My personal preference is to make it a hinging pattern. Quite simply most athletes get plenty of squatting patterns in their training without our assistance. Making the trap bar a hinge pattern can alleviate this issue.
Teach athletes to do the trap bar deadlift just as you would teach them to go to the ground in the power clean. Hinge first (RDL) then squat until their hands are on the handles. Drive the knees back on initiation and then finish with hip extension.
Mike Boyle weighed in on this idea recently on T-Nation, it is a great read, right here.
Split squats are good right?
To me it all really depends on how you do them. As I have done coached this movement more and more I have realized that the tendency of most athletes while training is to let the knee slide forward very quickly after the getting them set up in the start position.
Cueing athletes out of this movement can correct the problem for many athletes, but we have adopted a solution that can fix this problem for EVERY athlete.
The concept of blocking a movement to prevent the incorrect pattern can be adopted for most any movement, while I was a thrower we would do this to prevent unwanted technical problems in the shot put and hammer throw by placing a physical barrier between myself and the bad pattern.
With the split squat we use a bench or a band stretched across a rack to prevent the knee from moving forward. In the bottom, 90-90 position the athlete’s front knee should be in contact with the bench.

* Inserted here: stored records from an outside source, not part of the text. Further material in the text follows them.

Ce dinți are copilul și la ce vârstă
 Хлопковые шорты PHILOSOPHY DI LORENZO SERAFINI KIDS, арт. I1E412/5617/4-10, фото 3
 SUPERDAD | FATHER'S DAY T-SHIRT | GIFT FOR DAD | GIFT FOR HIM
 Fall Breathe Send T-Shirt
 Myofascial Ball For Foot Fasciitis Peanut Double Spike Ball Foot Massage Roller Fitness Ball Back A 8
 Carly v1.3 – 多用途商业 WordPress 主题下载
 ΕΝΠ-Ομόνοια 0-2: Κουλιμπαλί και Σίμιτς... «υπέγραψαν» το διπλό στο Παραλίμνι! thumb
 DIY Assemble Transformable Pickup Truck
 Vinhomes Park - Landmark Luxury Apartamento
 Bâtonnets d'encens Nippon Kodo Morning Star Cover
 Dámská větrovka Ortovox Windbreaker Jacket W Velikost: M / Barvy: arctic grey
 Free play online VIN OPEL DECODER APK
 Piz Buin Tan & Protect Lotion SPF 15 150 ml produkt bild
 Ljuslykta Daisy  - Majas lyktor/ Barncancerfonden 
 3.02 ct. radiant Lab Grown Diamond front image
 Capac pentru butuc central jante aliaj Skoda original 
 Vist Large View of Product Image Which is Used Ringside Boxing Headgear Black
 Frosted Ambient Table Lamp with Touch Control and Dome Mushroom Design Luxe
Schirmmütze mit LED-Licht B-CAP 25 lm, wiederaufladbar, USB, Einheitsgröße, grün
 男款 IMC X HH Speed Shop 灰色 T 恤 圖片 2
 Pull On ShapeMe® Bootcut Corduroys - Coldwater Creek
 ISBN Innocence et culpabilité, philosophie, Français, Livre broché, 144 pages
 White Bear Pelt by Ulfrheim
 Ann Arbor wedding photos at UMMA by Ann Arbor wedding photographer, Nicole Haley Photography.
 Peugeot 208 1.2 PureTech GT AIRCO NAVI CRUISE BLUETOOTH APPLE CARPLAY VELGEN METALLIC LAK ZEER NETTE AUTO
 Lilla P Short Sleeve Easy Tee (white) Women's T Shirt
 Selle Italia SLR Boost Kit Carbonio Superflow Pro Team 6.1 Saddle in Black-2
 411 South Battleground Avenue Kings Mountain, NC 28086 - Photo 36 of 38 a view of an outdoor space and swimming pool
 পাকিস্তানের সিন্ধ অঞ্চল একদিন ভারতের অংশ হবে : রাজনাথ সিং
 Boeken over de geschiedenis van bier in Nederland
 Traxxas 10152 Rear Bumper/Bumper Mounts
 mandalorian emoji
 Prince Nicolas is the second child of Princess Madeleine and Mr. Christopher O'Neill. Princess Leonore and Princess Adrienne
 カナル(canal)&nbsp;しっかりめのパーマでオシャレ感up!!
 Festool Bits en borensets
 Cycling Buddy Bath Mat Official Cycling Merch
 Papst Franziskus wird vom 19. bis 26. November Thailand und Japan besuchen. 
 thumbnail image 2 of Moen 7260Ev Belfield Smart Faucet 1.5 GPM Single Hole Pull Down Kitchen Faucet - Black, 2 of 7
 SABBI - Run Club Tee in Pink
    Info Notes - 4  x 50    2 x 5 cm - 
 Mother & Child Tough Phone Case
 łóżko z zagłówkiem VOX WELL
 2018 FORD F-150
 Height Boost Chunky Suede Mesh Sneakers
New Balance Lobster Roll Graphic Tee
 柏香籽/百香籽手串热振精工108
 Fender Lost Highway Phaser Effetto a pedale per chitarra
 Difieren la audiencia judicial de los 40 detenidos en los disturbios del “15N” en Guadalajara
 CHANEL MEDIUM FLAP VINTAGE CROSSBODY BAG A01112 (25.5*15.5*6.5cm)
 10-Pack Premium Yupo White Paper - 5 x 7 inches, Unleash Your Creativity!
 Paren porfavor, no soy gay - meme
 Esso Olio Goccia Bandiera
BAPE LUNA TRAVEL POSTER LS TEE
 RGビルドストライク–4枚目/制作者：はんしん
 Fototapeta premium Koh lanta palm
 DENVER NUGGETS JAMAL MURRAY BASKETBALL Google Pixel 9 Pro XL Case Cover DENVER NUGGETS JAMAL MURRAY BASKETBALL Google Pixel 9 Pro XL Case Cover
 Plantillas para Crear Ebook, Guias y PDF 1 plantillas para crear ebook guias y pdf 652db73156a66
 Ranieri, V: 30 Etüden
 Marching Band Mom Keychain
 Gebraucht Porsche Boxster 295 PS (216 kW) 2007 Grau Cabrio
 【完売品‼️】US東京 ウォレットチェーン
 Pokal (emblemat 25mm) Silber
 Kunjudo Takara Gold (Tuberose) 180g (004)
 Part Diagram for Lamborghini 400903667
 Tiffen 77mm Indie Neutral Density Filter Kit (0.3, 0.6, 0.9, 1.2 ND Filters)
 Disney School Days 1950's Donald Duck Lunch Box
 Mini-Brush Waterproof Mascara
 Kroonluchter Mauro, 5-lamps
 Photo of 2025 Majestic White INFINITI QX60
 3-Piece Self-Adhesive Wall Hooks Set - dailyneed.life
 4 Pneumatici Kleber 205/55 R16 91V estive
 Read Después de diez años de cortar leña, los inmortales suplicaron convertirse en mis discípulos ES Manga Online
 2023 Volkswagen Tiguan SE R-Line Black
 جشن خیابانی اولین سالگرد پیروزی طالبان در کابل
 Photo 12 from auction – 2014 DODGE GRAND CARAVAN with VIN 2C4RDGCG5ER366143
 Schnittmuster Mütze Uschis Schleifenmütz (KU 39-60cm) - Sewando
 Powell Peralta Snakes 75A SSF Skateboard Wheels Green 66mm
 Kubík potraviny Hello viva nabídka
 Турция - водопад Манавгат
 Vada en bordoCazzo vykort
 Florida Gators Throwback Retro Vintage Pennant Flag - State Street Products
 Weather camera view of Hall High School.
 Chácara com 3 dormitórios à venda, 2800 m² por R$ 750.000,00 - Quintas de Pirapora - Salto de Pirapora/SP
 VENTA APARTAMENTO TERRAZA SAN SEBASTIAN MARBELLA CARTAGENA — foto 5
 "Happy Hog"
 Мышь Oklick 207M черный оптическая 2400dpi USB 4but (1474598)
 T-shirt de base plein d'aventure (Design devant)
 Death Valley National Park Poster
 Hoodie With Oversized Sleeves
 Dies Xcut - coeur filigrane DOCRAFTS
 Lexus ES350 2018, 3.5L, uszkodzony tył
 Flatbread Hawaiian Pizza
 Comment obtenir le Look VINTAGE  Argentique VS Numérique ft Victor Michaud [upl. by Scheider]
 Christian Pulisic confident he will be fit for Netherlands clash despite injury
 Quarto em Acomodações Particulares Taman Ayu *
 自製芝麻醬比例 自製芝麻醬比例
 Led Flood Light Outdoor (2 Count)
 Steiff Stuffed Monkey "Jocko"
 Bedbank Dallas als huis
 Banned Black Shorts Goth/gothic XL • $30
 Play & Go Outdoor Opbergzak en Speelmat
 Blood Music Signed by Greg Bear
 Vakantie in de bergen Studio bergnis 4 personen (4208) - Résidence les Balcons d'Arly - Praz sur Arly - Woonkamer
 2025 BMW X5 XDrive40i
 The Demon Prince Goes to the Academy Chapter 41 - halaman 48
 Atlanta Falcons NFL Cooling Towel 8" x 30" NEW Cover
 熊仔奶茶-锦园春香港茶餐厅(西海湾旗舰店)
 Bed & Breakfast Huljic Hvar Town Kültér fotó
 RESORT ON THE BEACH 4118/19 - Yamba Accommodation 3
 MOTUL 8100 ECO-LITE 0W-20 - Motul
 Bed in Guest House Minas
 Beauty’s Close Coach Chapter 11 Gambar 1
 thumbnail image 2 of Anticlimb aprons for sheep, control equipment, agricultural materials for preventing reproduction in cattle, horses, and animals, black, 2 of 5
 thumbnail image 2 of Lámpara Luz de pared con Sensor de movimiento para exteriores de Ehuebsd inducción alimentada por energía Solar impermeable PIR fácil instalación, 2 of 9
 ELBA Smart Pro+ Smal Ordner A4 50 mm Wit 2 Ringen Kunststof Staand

Push up and down from that position.
Mike Robertson weighed in on blocking last fall and helped me solidify my opinion of this sweet technique.
Power Clean starts
(Wait you didn’t think I would go a whole post without talking about the power clean, did you?)
The start on the power clean is one of the most commonly butchered movements in the weightroom. Among many pre-lift rituals that can put athletes in terrible positions, the lift-off from the floor is often misunderstood.
While the bar is on the floor it is a distinct unit from the body, meaning that both the body and the bar have their own center of gravity. The bar’s center of gravity is always in front of the lifter’s while the bar is on the floor. The goal when lifting the bar off the ground is to link those two centers of gravity. This means that upon lift-off the bar must move back and up toward the athlete and not vertically (and definitely not forward).
Many athletes don’t get this right and always pull the bar in front of the body, and are unable to reach full hip extension in the final portion of the lift.
For more info on some other serious mistakes made in the power clean check out my free download Top 10 Power Clean Mistakes (only if you subscribe).
Fix these problems and your program might not be perfect but you are on your way to getting the most out of some awesome movements.